Insolvenz als Übergang – oder als Endpunkt?

Das Amtsgericht Mühlhausen bestellte Olaf Spiekermann von Brinkmann & Partner zum vorläufigen Insolvenzverwalter. Sein Ziel sei der Erhalt der Kette, betont er. Der Geschäftsbetrieb soll zunächst weiterlaufen, Löhne und Gehälter sind über das Insolvenzgeld bis Ende Februar gesichert. Für die rund 200 Mitarbeitenden ist das eine Atempause, aber keine Garantie. Bereits in den vergangenen Wochen kam es zu ersten Filialschließungen.

Groschen-Markt ist nicht irgendein Händler. Die 1993 gegründete Kette hat in Thüringen, Sachsen, Sachsen-Anhalt und Brandenburg eine lokale Präsenz aufgebaut, die in vielen Kleinstädten eine wichtige Versorgungsfunktion erfüllt.

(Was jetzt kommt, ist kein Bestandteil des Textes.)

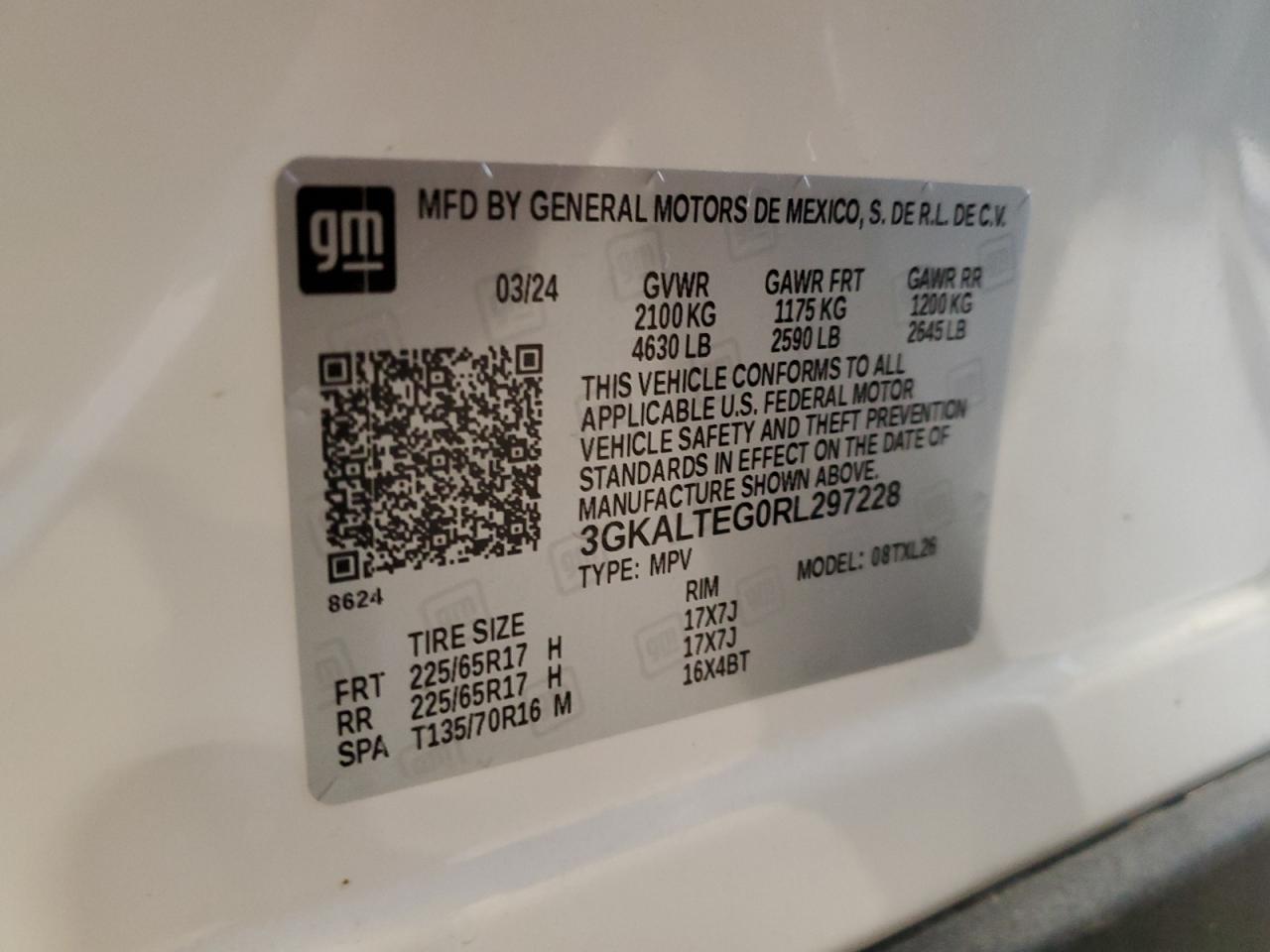 VIN 3GKALTEG0RL297228 2024 GMC TERRAIN no.12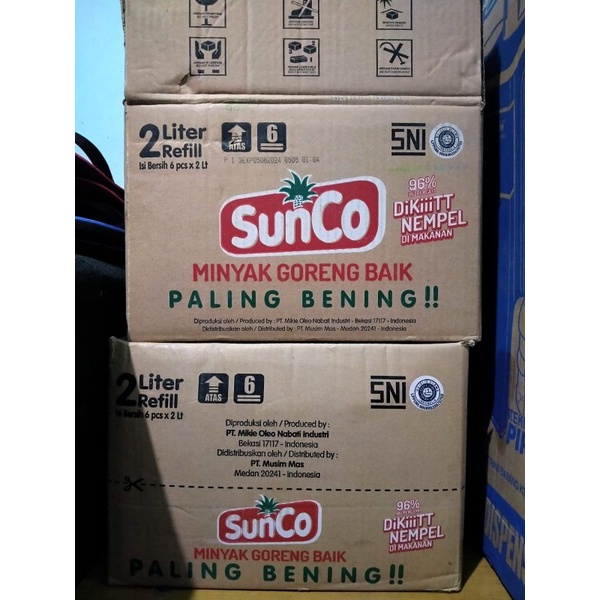 

minyak goreng sunco refill 2 liter
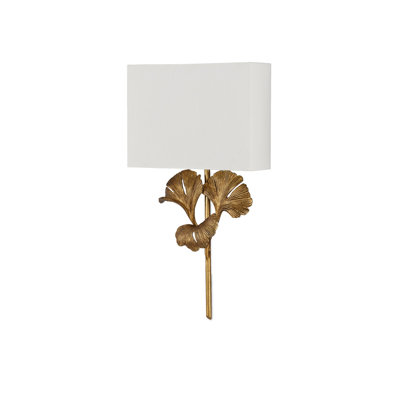 Gingko Wrought Iron Wallchiere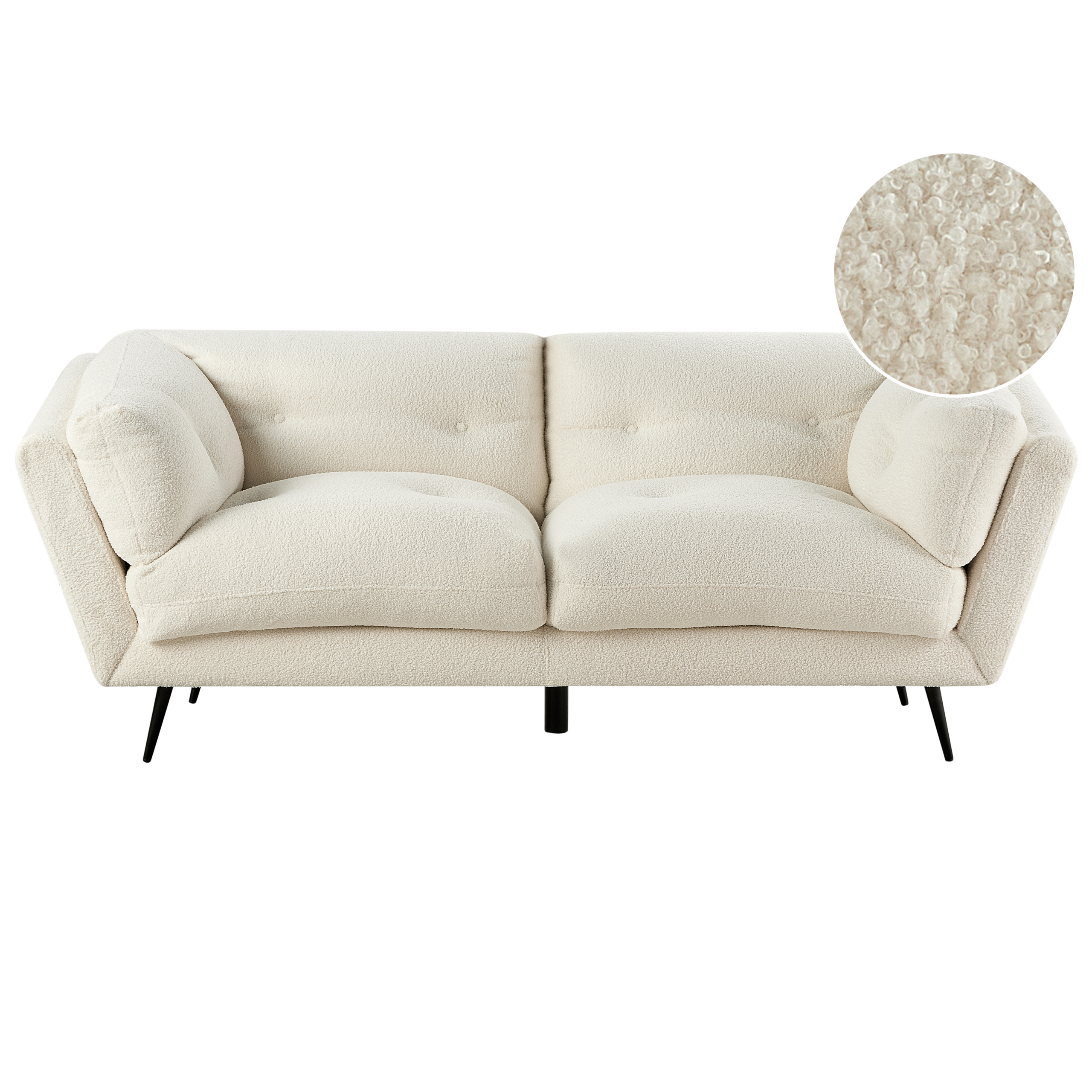 Sofa 3 personers LENVIK Boucle Hvid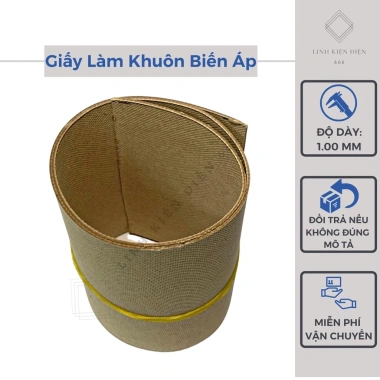 Giấy làm khuôn biến áp 1mm - Cốt khuôn 1 ly, quấn dây đồng, giảm giá tới 23.900₫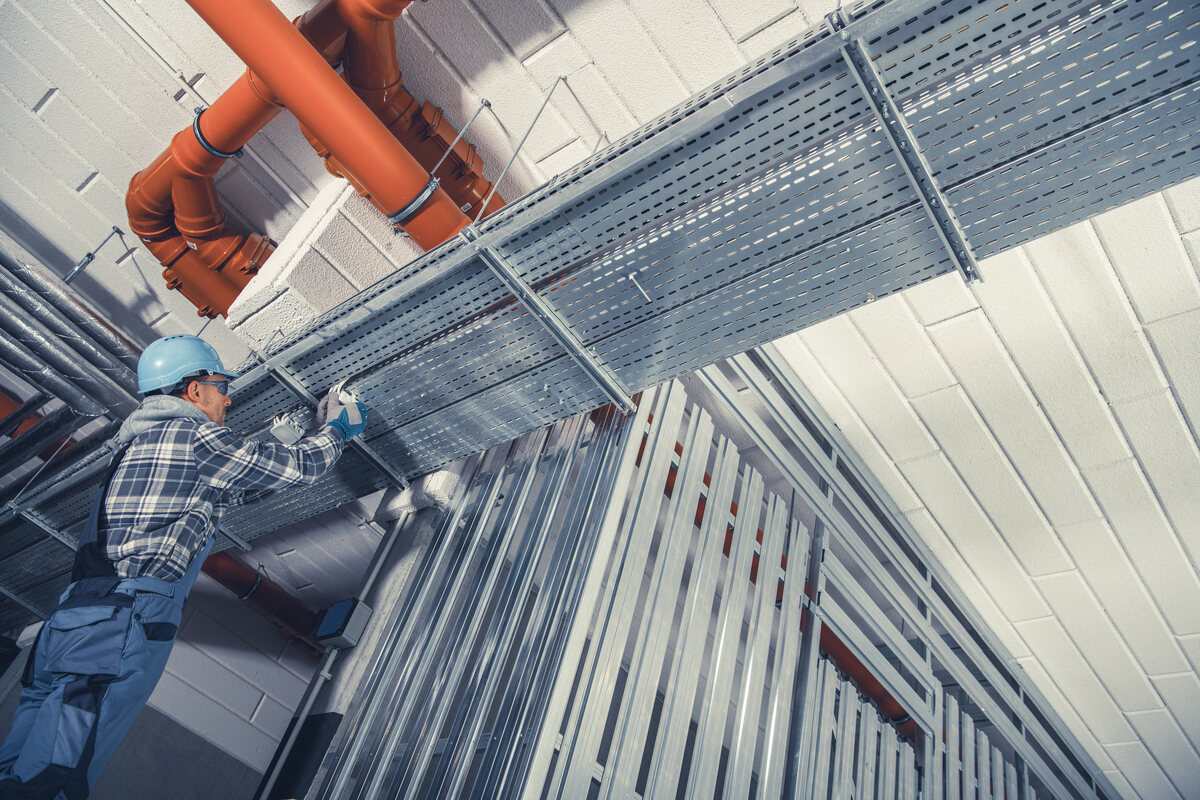 Fire-stopping installation work
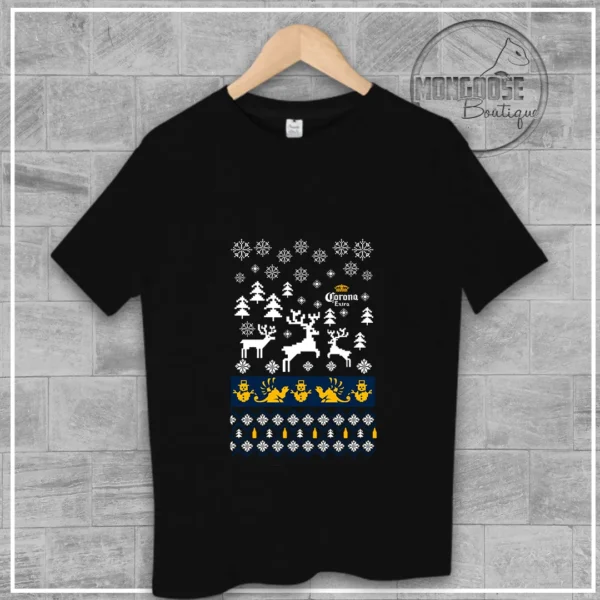 Camiseta Navidad - Cerveza Corona Extra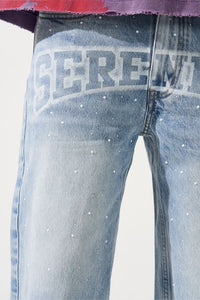 Serenede DYNASTY Denim Shorts Light Blue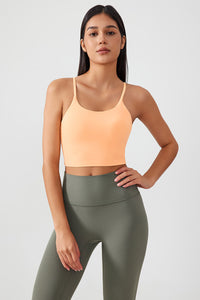 Women Gathering Anti-Shock One Cup Back Fitness Yoga Exercise Camisole Top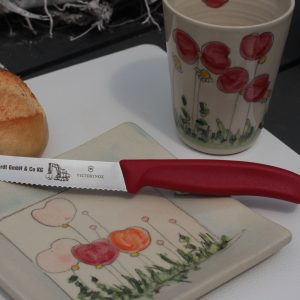 Victorinox Brötchenmesser, Tomatenmesser mit rotem Griff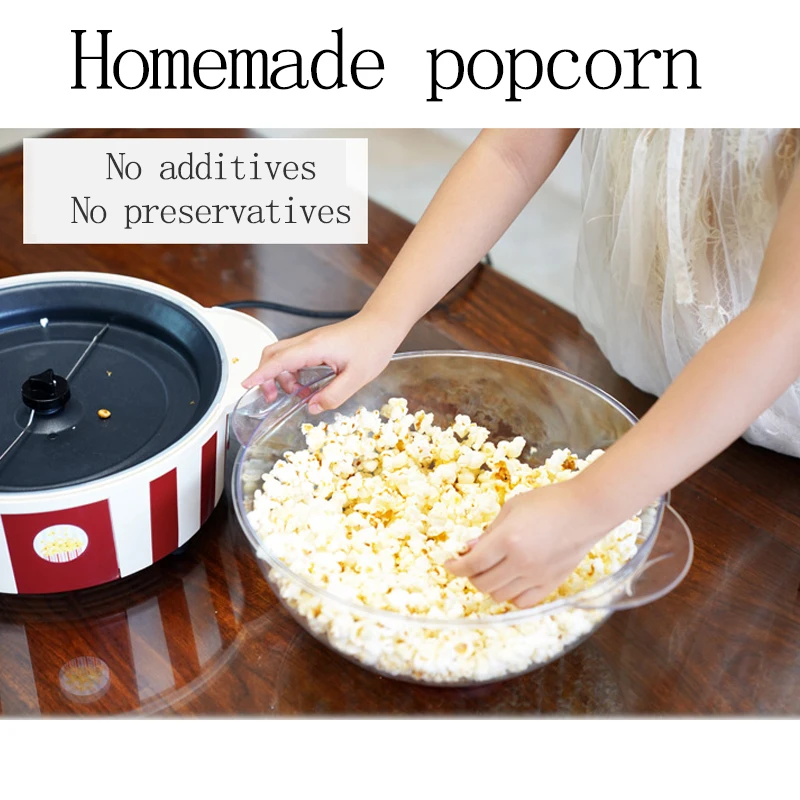 New Full-Automatic Electric Spherical Popcorn Machine Small Household Large-Capacity Homemade Popcorn Machine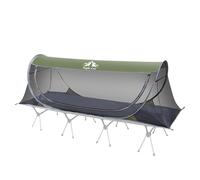 Night Cat Mosquitera Plegable Cama: 1 Persona Tienda Emergente de Mosquitera para Trekking Camping Aventura
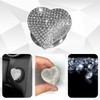 Hirificing Car Push Start Button Cover Bling Heart Shape Engine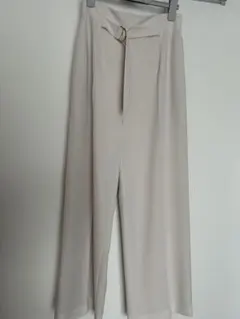 LAGUNAMOON ベージュ ワイドパンツ Mサイズ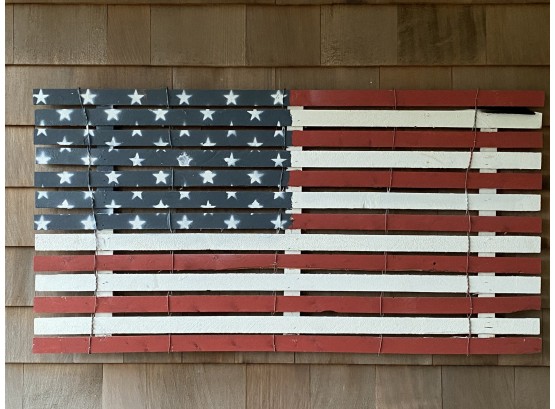 Wood Wall Hanging American Flag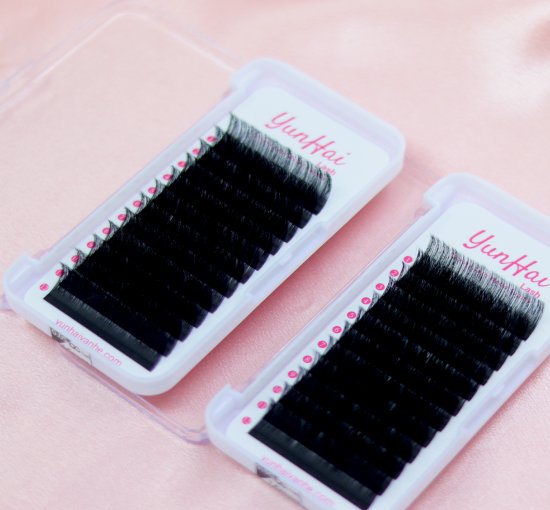 Vegan Free Customized Logo Eyelashes Extension Professional Trays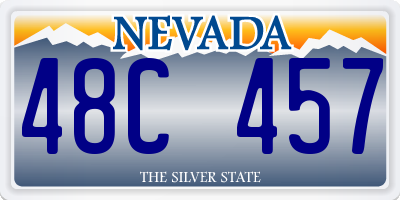 NV license plate 48C457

Dass dieses Modell auf der Kippe steht, zeigt, wie weit sich der Markt vom ursprünglichen Discountprinzip entfernt hat.

Strukturelle Belastungen treffen kleine Händler besonders hart

Die Probleme sind nicht neu. Schon 2023 warnte der Warenkreditversicherer Atradius vor einer „heiklen Lage“ im Nonfood-Discount. Steigende Mindestlöhne, höhere Personalkosten und anhaltende Inflation treffen Ketten, die kaum Preisaufschläge durchsetzen können, besonders hart. Hinzu kommen Mietsteigerungen, die für Flächen-intensive Geschäftsmodelle schnell existenzbedrohend werden.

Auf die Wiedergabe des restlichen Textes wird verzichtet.